= Jeanette Orrey =

British activist

Jeanette Orrey, MBE (born 1956) is a British children's food campaigner and former school 'dinner lady' who in 2012 received the MBE for her services to food in schools.

==Life==
Orrey was the catering manager at St Peter's primary school in East Bridgford, Nottinghamshire for 14 years. In 2000, school dinner provision was deregulated from local authority control, at which point Orrey and St Peter's decided to change the school lunches to a menu of local food, cooked from scratch. Previously, as cook-supervisor at St Peter's, Orrey had been obliged to serve such things as 'free-flow mince' which she described as being 'probably from 11 different cows in 11 different countries', and various breaded shapes of processed meat including pork hippos, chicken teddies and Turkey Twizzlers. Orrey's revised menu included healthier dishes such as vegetable crumble and homemade fishcakes, with organic milk and local pork from Gloucester Old Spot pigs; her approach to school food has been credited with inspiring Jamie Oliver's campaigning work on school meals.
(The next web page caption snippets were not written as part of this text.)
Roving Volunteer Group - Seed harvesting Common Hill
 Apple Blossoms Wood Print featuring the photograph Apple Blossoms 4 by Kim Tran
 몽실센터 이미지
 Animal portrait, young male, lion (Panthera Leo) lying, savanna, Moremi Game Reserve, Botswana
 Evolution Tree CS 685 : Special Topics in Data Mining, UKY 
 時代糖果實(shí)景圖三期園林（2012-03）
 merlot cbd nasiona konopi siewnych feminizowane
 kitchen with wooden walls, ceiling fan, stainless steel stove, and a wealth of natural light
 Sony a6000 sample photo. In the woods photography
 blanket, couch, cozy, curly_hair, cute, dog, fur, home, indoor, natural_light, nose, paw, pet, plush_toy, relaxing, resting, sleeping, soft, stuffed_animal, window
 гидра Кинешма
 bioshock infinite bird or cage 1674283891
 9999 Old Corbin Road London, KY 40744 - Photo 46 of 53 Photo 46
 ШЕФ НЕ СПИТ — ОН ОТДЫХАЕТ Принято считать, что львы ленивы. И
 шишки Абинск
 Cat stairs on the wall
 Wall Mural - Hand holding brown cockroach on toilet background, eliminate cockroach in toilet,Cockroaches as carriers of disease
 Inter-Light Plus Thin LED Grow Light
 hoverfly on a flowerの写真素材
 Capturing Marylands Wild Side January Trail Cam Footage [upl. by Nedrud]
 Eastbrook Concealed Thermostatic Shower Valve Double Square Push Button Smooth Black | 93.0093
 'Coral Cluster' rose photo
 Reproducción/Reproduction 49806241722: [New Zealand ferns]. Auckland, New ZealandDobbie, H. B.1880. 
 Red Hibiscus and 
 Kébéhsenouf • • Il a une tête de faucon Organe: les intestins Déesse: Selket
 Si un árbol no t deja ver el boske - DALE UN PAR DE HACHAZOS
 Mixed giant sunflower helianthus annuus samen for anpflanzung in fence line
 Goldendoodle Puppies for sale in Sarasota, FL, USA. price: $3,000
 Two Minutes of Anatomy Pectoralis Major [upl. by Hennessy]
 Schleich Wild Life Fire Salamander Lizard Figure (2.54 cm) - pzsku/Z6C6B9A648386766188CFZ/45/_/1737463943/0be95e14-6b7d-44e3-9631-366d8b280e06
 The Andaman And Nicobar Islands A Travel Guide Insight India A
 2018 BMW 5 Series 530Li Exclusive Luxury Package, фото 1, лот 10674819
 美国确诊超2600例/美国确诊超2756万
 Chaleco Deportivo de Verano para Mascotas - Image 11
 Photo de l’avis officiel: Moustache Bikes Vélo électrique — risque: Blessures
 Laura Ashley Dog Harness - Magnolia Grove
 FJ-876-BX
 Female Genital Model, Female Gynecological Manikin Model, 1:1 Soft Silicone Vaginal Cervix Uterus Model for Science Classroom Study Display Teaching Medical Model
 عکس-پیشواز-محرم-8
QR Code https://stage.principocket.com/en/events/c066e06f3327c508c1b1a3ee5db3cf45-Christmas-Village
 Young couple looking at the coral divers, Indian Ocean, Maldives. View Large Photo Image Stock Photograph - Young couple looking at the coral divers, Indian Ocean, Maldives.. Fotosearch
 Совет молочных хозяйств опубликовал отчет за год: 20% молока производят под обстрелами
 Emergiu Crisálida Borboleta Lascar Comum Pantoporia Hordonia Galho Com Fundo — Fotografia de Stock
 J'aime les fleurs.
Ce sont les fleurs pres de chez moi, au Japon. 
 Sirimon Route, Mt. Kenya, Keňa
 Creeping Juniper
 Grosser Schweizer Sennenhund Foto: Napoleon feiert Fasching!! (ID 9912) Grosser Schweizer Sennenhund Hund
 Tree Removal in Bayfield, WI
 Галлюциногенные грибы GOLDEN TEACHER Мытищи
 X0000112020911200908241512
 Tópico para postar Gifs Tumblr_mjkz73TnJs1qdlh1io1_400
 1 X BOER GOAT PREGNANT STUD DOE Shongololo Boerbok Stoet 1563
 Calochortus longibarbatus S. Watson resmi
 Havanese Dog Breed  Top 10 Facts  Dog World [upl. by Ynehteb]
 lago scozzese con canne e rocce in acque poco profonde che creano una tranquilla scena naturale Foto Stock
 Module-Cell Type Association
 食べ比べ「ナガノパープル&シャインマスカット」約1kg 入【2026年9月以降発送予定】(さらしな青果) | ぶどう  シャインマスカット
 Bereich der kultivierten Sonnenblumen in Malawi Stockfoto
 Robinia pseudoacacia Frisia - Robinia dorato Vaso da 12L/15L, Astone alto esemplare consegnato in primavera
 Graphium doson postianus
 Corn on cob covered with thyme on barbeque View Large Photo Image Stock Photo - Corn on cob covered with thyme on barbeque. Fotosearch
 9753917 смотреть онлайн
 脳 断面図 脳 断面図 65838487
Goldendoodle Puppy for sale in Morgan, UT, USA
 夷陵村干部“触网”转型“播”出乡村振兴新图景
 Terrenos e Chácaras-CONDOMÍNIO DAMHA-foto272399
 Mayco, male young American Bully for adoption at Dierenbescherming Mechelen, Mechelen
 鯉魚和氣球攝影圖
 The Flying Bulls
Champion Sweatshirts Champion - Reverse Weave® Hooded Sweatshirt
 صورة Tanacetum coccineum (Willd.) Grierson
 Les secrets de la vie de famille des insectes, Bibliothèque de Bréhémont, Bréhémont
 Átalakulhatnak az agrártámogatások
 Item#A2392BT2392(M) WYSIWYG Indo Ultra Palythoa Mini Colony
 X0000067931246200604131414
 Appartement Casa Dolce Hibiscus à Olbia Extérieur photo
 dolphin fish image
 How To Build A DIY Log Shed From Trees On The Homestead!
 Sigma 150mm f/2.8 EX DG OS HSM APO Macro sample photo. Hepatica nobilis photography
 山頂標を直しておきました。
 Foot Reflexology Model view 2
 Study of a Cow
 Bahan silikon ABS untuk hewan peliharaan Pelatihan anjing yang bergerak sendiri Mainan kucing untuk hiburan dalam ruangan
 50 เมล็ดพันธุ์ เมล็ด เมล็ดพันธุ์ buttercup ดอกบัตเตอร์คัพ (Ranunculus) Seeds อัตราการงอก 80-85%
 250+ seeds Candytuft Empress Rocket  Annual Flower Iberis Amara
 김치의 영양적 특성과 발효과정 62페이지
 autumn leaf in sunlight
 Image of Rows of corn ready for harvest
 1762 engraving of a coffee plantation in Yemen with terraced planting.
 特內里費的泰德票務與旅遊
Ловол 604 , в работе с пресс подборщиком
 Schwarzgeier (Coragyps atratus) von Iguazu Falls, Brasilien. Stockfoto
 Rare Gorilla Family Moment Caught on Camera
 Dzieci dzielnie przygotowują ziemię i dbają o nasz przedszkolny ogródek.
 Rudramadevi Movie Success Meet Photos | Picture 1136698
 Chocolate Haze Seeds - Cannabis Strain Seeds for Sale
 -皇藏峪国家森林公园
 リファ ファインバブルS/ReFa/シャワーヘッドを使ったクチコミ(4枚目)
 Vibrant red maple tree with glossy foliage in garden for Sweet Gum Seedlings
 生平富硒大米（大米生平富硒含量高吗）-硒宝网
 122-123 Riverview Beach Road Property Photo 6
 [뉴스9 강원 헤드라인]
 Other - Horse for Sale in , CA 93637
She found that by very gradually replacing the processed food with home-cooked meals, the children's tastes slowly changed and they became less fussy. When asked to explain the secret of her success at St Peter's, Orrey has said 'Children copy each other. Convince one child to eat curry and the rest will follow'. In 2003, Orrey co founded Food for Life, a programme in British schools aimed at encouraging school kitchens to cook meals from scratch as well as teaching children how to cook and grow food.

In 2005, Orrey, who had by now left school catering to work as a school meals consultant, published her first cookbook The Dinner Lady (Bantam). The same year, Orrey set up a two-day training course for school caterers based at Ashlyns Organic Farm in Essex.

Orrey is currently School Meals Policy Advisor to the Soil Association.
She co-chairs the School Food Plan Alliance.